One of the biggest impediments to that, of course, will be one of the challenges I had in selecting the scene for the Clients meeting. Angels of Darkness has some horrible racial stereotypes in it – and whether the character’s race of origin was Africa, China, or Ireland, they all come off worse than Steve Dixie in “The Three Gables.” The evil Mormons who are villains of the piece might also hinder it in the modern era, when a Mormon is even running for president. But if it were performed in its whole form, even though it might be an utter train wreck, I think I would still have to see it . . . just because it still has mojo to spare from being teasingly held just out of reach for so many years.

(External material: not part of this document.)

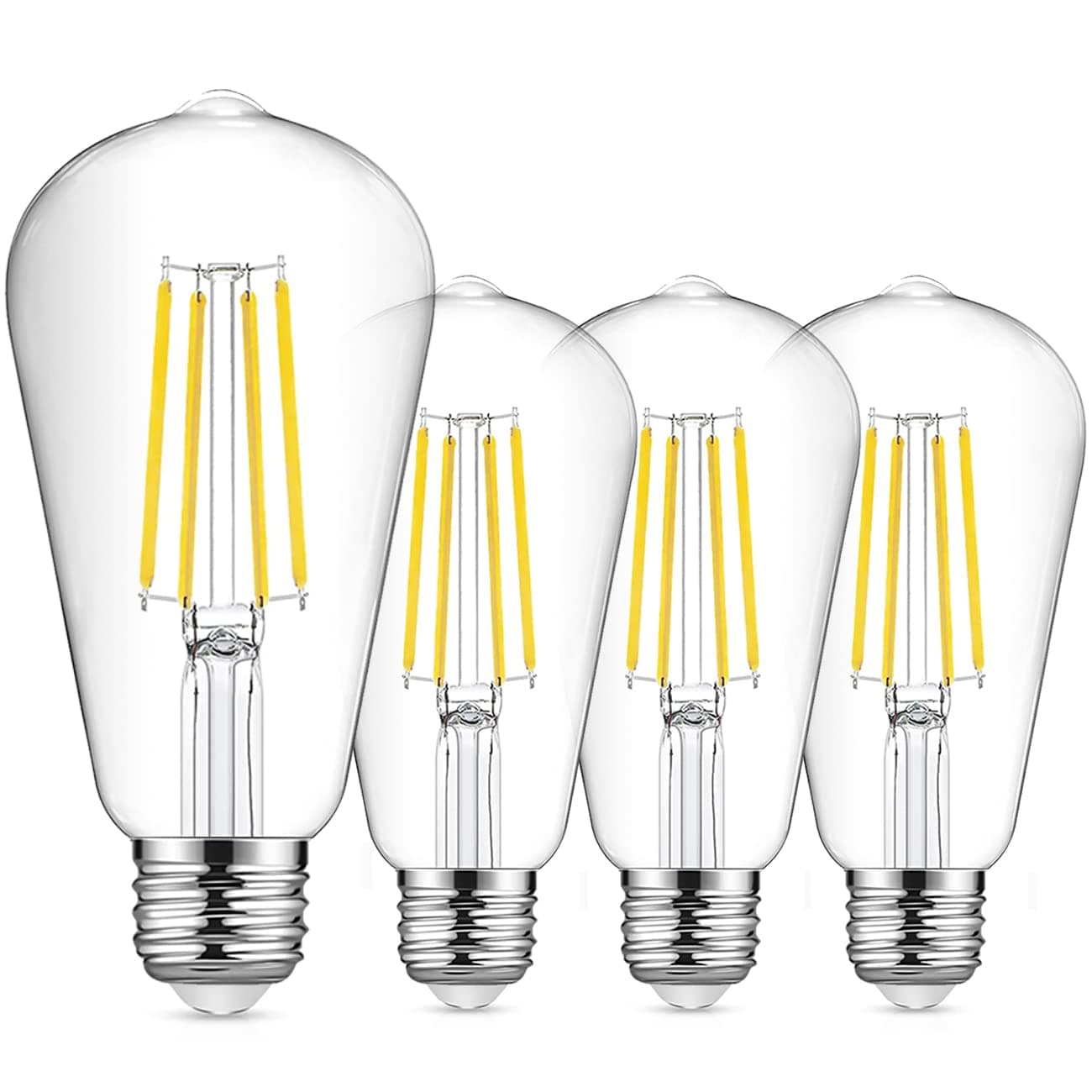 EXTRASTAR ST64 Vintage LED Light Bulbs 8W E27 Edison Screw, 950LM, Cool White 6500K Energy Saving Retro Bulb, Clear Glass, Non-Dimmable, Pack of 4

Of course, a lot of other great things happened at the Clients meeting. Mike Whelan and Steve Doyle gave some learned papers. And, I also learned that GaXXX XXXXXX XXXXXXXXXXXXXXXXXXXXX XXXXXXXXXX XXXX XXXXXXXXX XXXXXXX XXXXXXXX XXXXXXXXXXXXXXXXXX XXXXXXX XXXXXXXXX XXX XXXXXXXXX XXX XXXXXXXXX XXXX XXXXXXXX XXXXX XXX XXXXXX(This portion censored on Mark Gagen’s behalf.) XXXXXX XXXXXXXX XXXX XXXXX XXXX XXXX XXXXXX XXXXXXX.

That’s one of my favorite things about Sherlockiana . . . there’s always something out there, a bit known, a lot unknown, that we still have to get excited about.